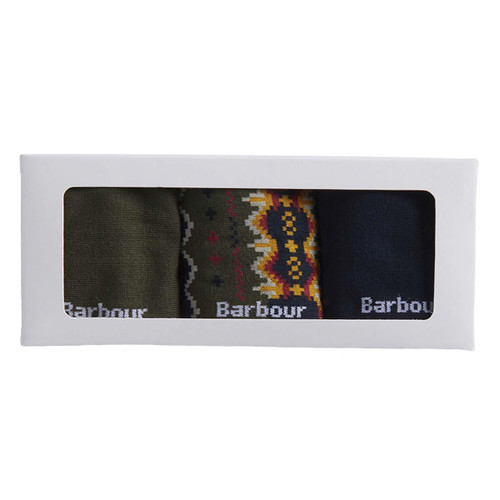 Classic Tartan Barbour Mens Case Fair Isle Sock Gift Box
——————————
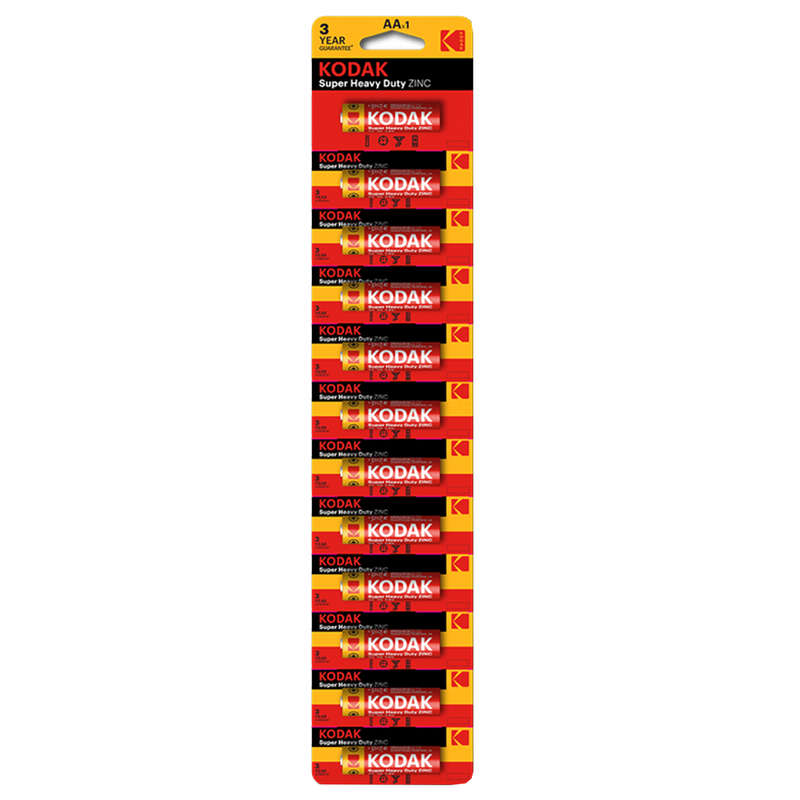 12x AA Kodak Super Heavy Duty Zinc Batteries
——————————
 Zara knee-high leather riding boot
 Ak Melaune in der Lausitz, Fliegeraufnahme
——————————
[Activity]
The exact lines of the material above starting at the one that contains "Zara knee-high leather riding boot" and ending at the one that contains "Ak Melaune in der Lausitz, Fliegeraufnahme" are what to retype; leave out everything else.

[Solution to this exercise]
 Zara knee-high leather riding boot
 Ak Melaune in der Lausitz, Fliegeraufnahme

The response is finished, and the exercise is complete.